ASSIGNED TASK >>
Give the lines below again exactly, starting with the line that holds "๐ฅ Christian Cross Sticker" and going on through the line that holds "Pots de fleurs: Blumentopf".

(ENTRIES SUPPLIED Opens)

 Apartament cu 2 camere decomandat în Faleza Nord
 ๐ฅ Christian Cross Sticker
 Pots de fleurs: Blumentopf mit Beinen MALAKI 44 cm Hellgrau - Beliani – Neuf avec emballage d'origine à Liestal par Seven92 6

(ENTRIES SUPPLIED Closes)
(ENTRIES SUPPLIED Opens)

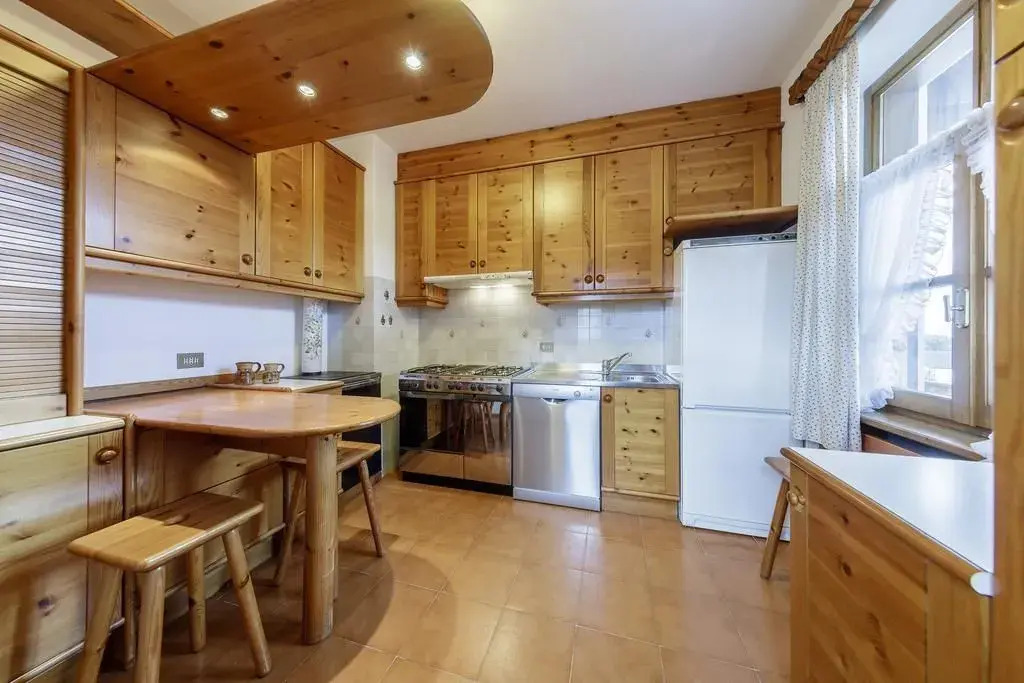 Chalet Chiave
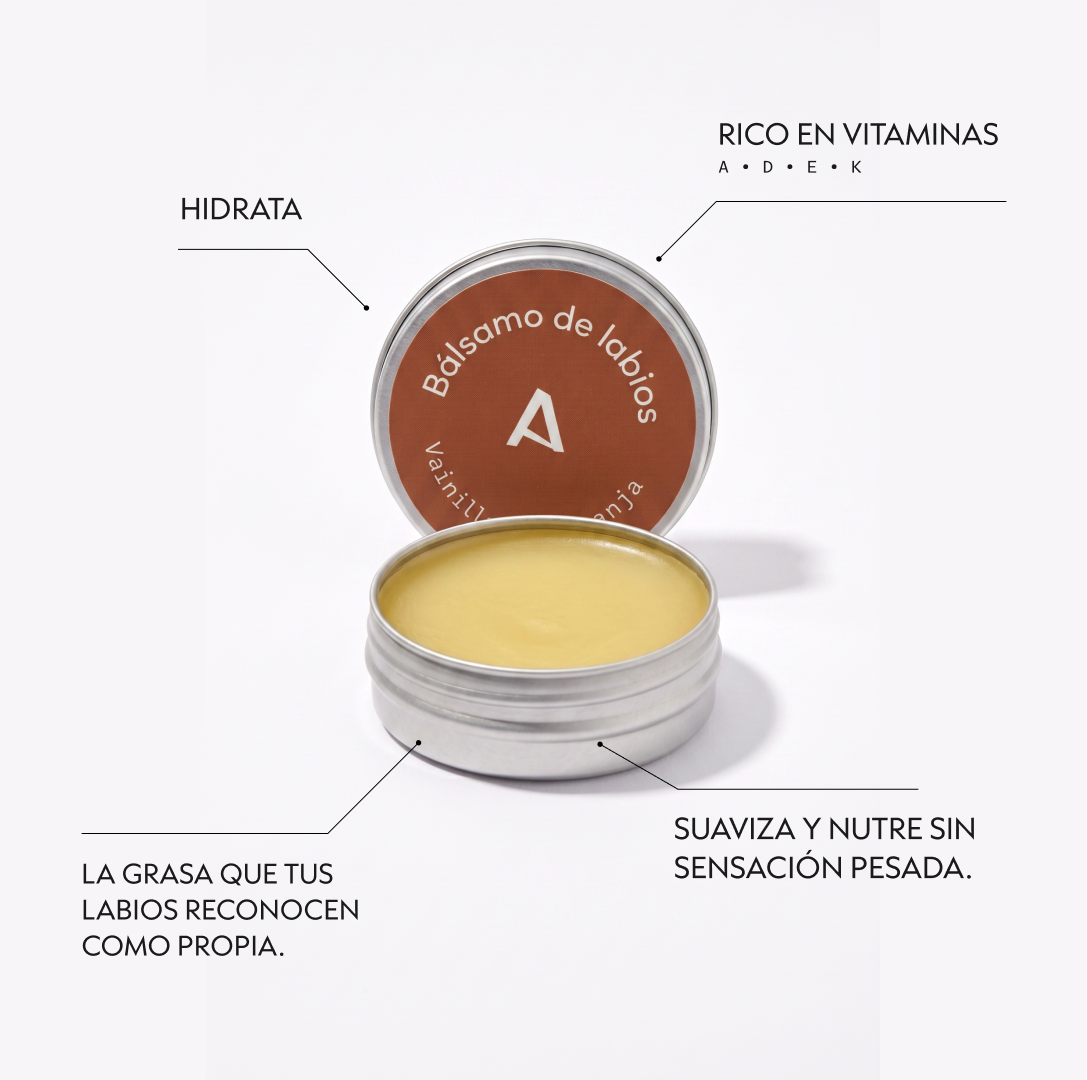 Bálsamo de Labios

(ENTRIES SUPPLIED Closes)

RESPONSE AREA >>
 ๐ฅ Christian Cross Sticker
 Pots de fleurs: Blumentopf mit Beinen MALAKI 44 cm Hellgrau - Beliani – Neuf avec emballage d'origine à Liestal par Seven92 6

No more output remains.